● DATASET EXCERPT:
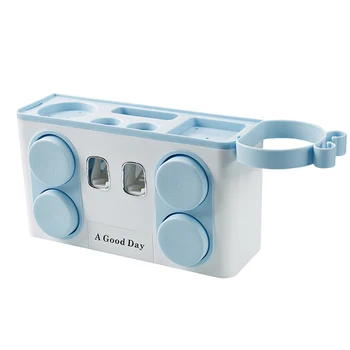 

Wall Mounted Multifunctional Nail-free Storage Shelf Automatic Holder Bathroom Wear Resistant Toothpaste Dispenser Space Saving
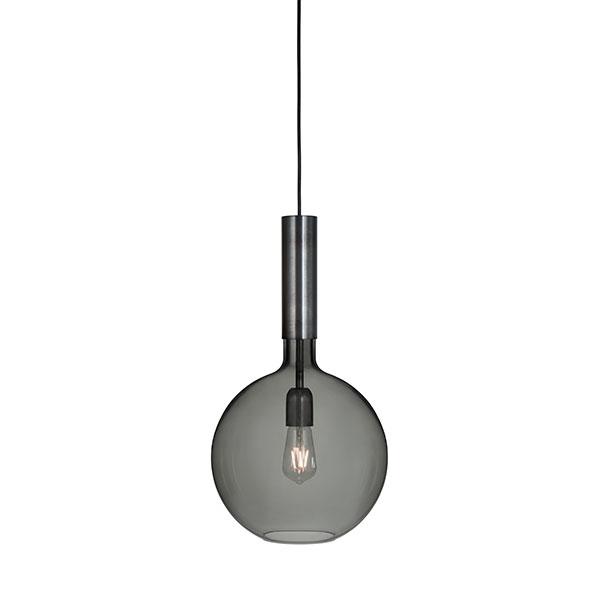 Konsthantverk Rosdala Klein Hanglamp - Røgfavet Glas & Ijzer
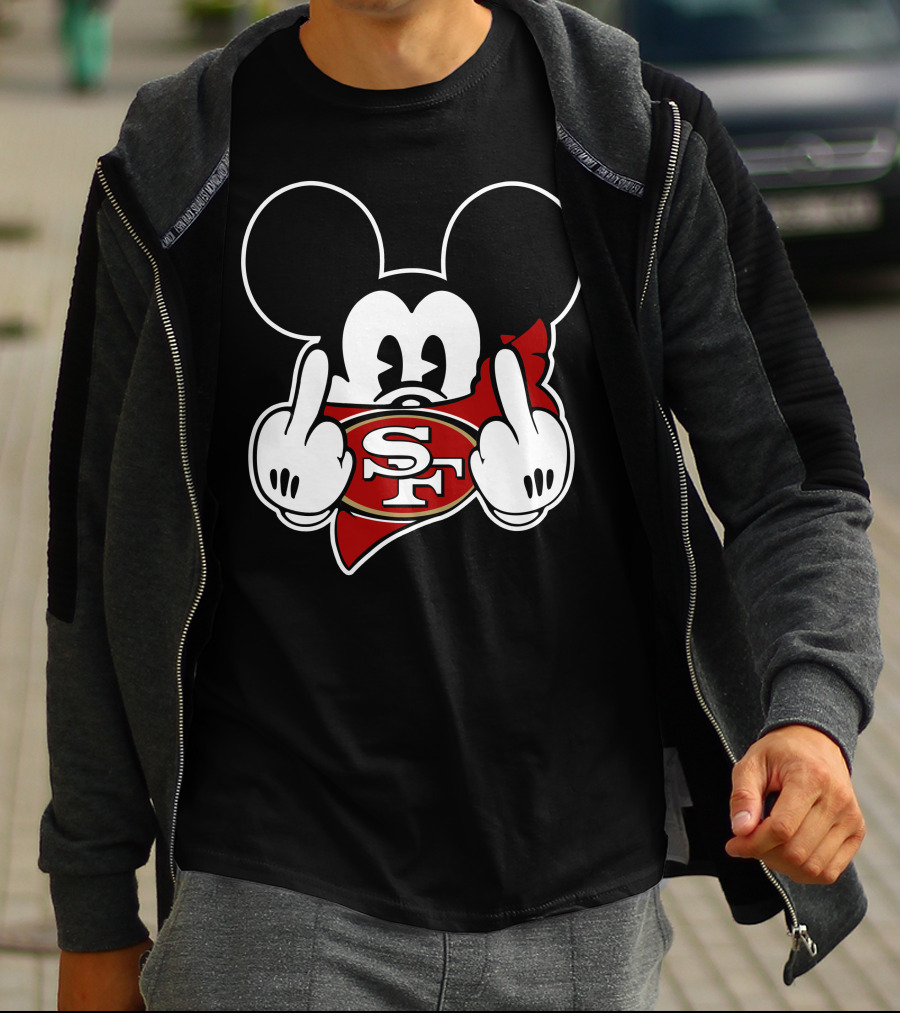 Sf 49ers Mickey Mouse Middle Finger T-Shirt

● WHAT TO DO: Restate word for word, please, the line containing "Konsthantverk Rosdala Klein" and all lines after it through the end of the material; the pictures do not belong in the copy.

● ANSWER SECTION:
 Konsthantverk Rosdala Klein Hanglamp - Røgfavet Glas & Ijzer
 Sf 49ers Mickey Mouse Middle Finger T-Shirt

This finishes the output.